**Problem statement:**
The answer is to be the data that follows, transcribed exactly, minus its pictures.

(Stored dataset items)
□ □ □ □ □

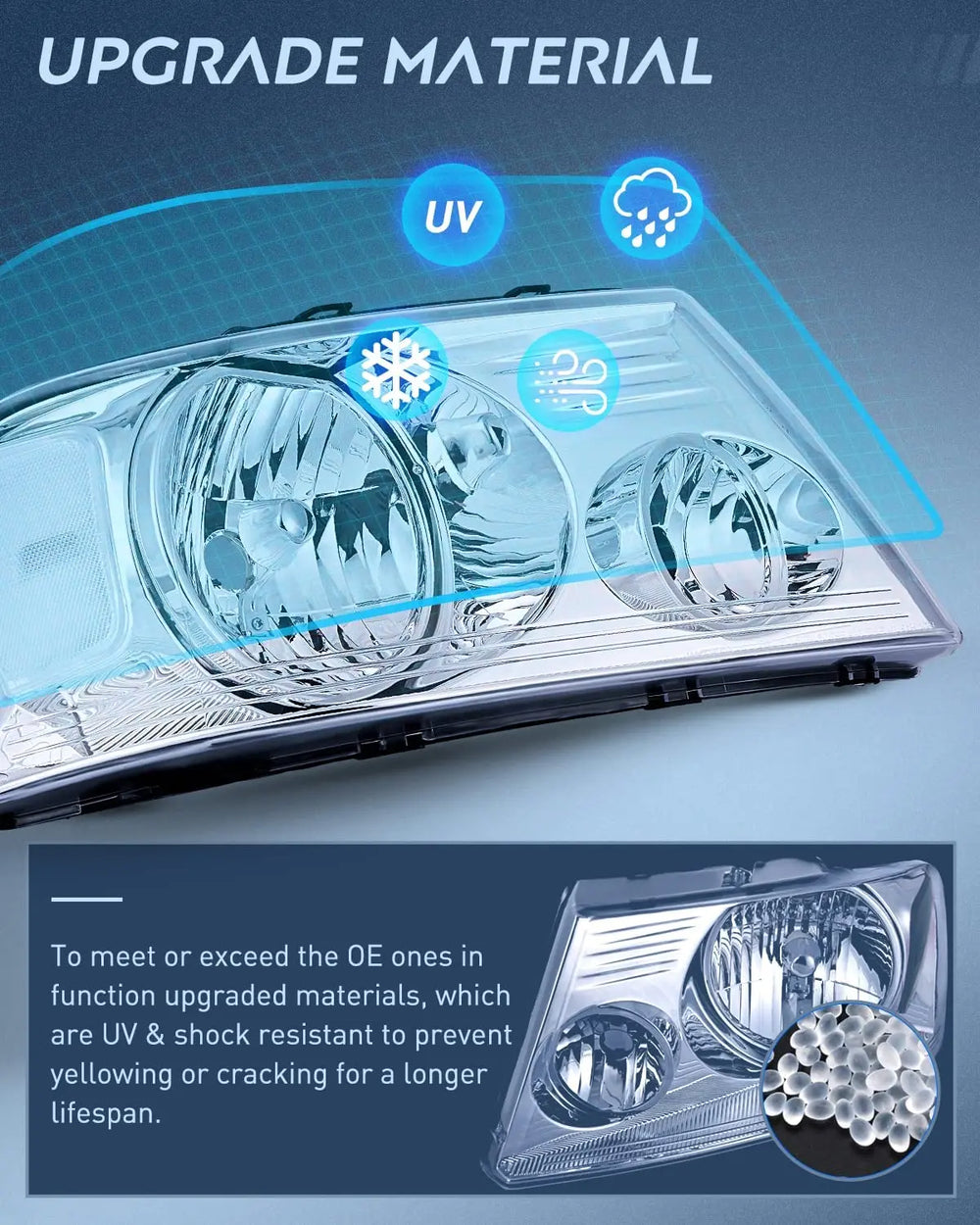 Nilight Headlight Assembly for 2004 2005 2006 2007 2008 Ford F150 Pickup /2006 -2008 Lincoln Mark LT Passenger Driver Side Chrome Housing Clear Reflector Lens Headlamp Replacement,2 Years Warranty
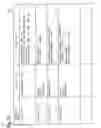 Fig. 14 - Reaction information display system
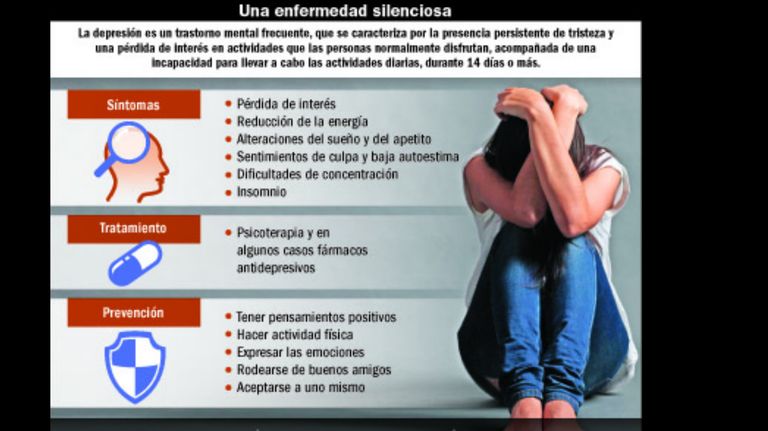 Depresión, un mal silencioso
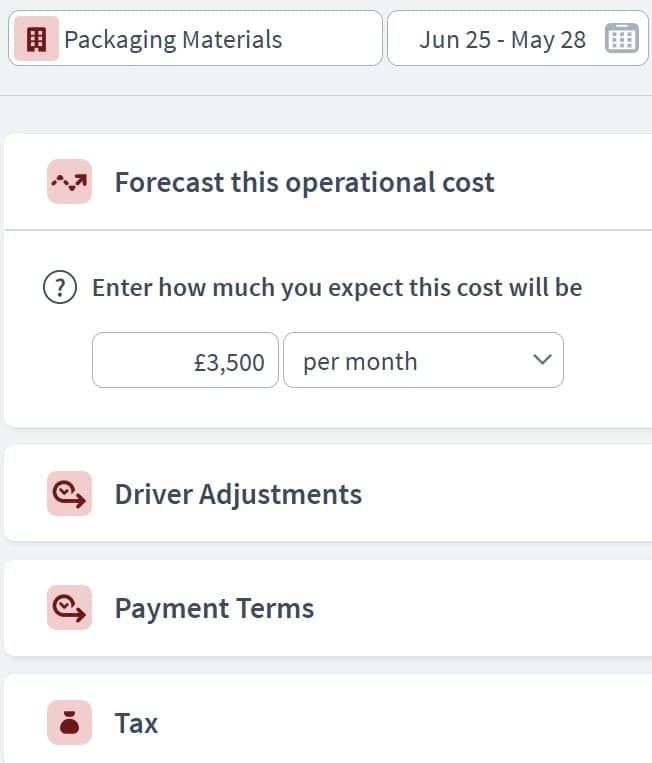 brewery expenditure component example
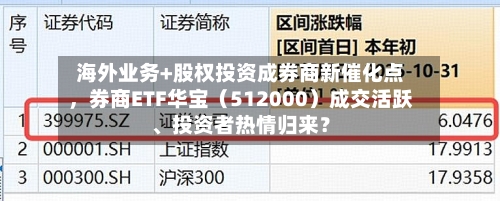 海外业务+股权投资成券商新催化点，券商ETF华宝（512000）成交活跃、投资者热情归来？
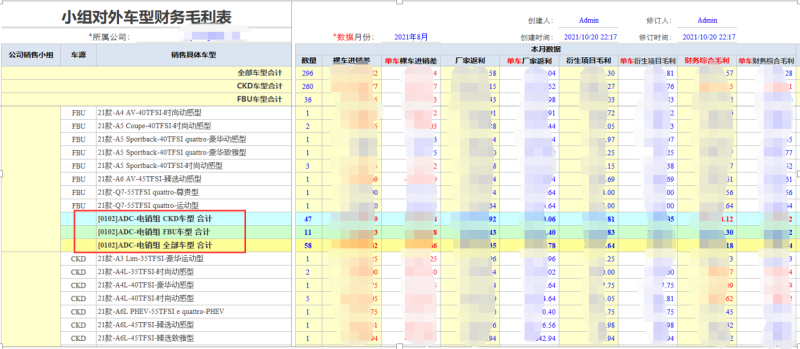 勤哲Excel服务器实现汽车销售财务一体化管理系统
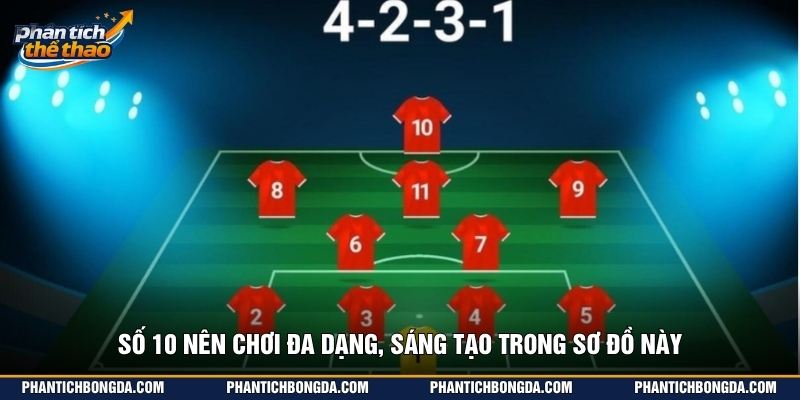 Số 10 nên chơi đa dạng, sáng tạo trong sơ đồ này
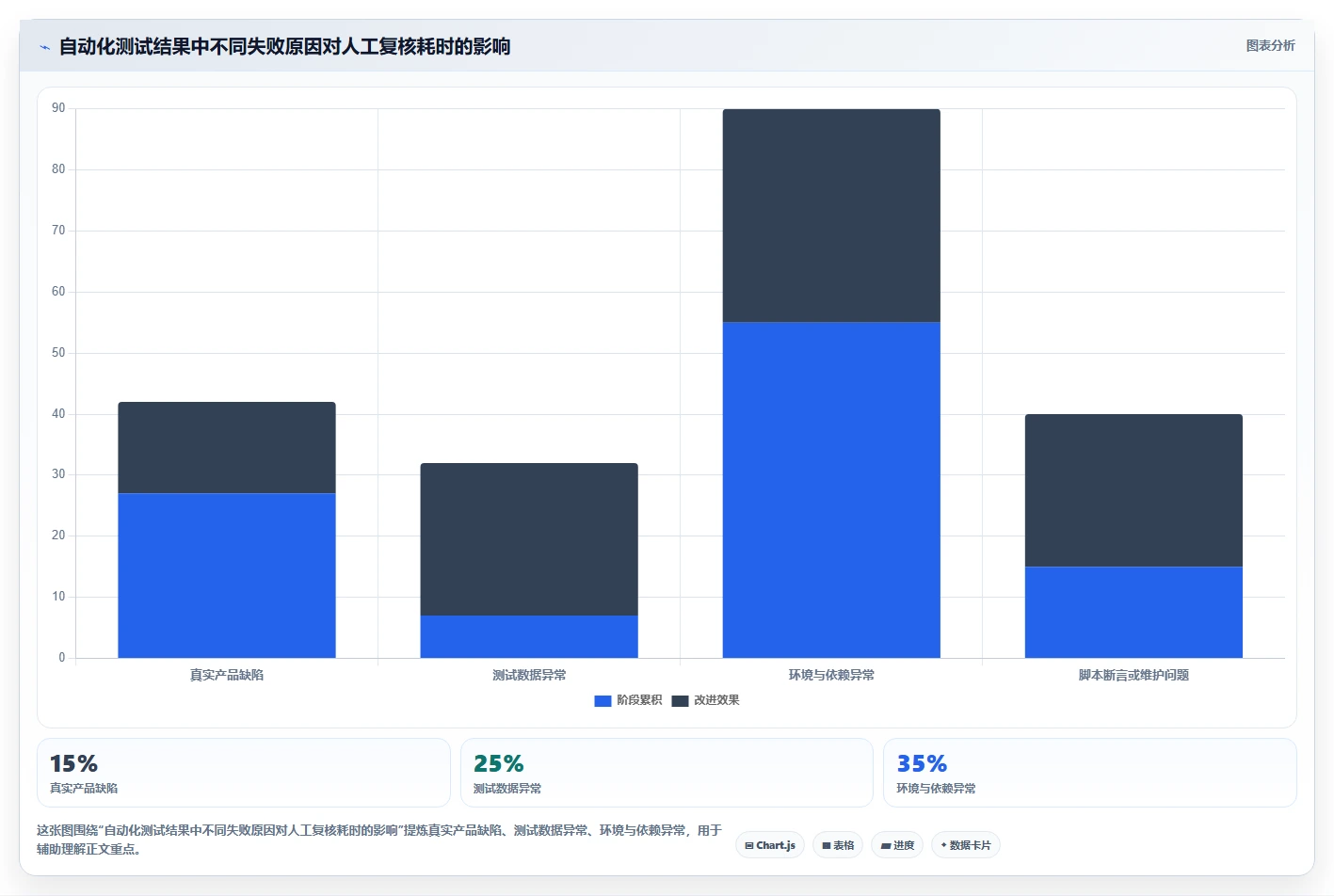 选对工具事半功倍：2026年testone测试平台选型指南
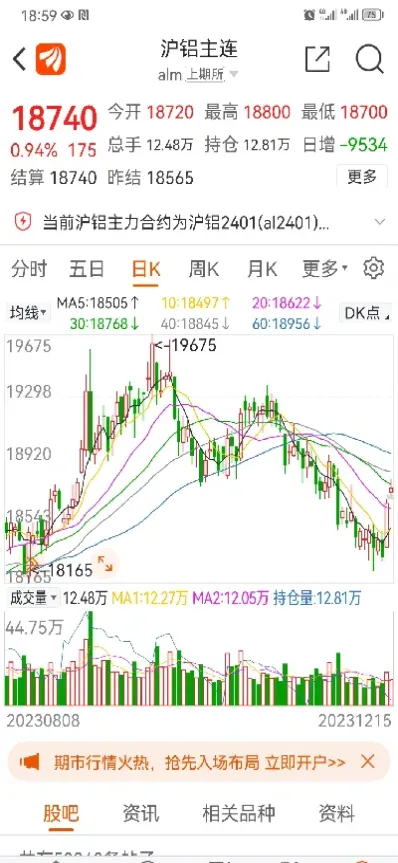 铝期货上涨原因(铝期货最新行情)_https://www.xmqjcw.com_期货百科_第1张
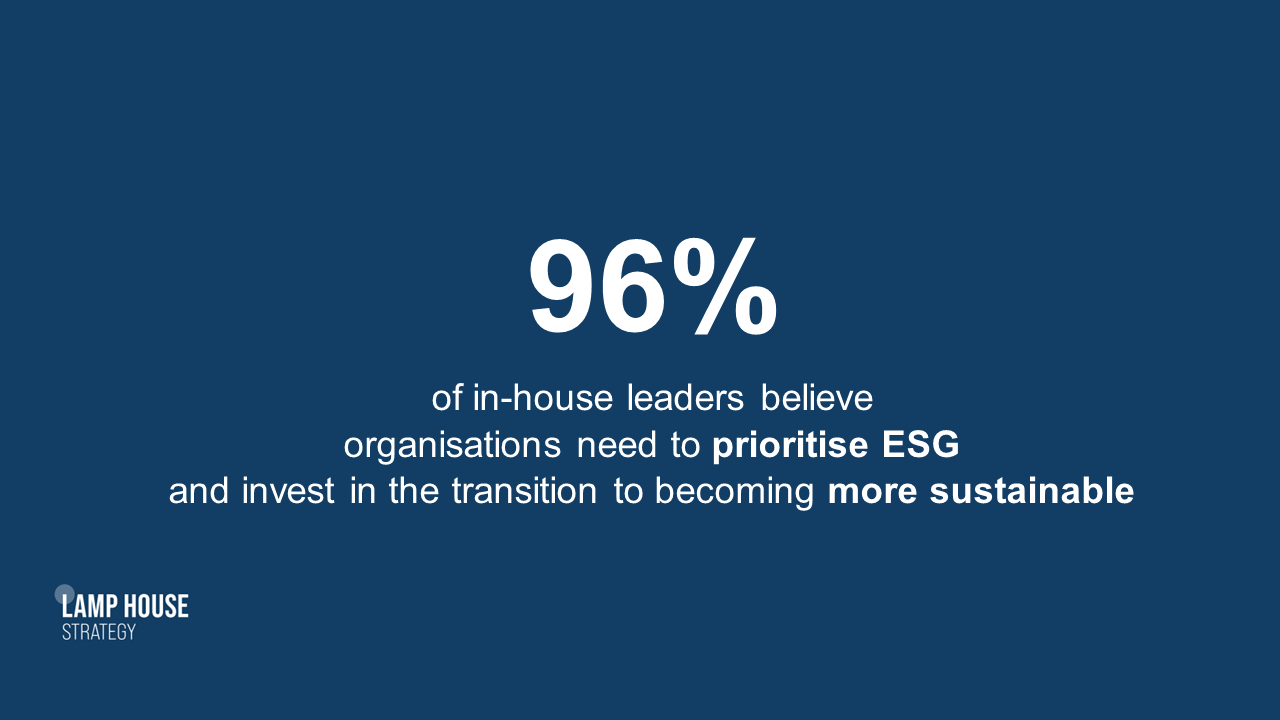 96% believe organisations need to prioritise ESG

□ □ □ □ □

**Answer to the exercise:**
 Nilight Headlight Assembly for 2004 2005 2006 2007 2008 Ford F150 Pickup /2006 -2008 Lincoln Mark LT Passenger Driver Side Chrome Housing Clear Reflector Lens Headlamp Replacement,2 Years Warranty
 Fig. 14 - Reaction information display system
 Depresión, un mal silencioso
 brewery expenditure component example
 海外业务+股权投资成券商新催化点，券商ETF华宝（512000）成交活跃、投资者热情归来？
 勤哲Excel服务器实现汽车销售财务一体化管理系统
 Số 10 nên chơi đa dạng, sáng tạo trong sơ đồ này
 选对工具事半功倍：2026年testone测试平台选型指南
 铝期货上涨原因(铝期货最新行情)_https://www.xmqjcw.com_期货百科_第1张
 96% believe organisations need to prioritise ESG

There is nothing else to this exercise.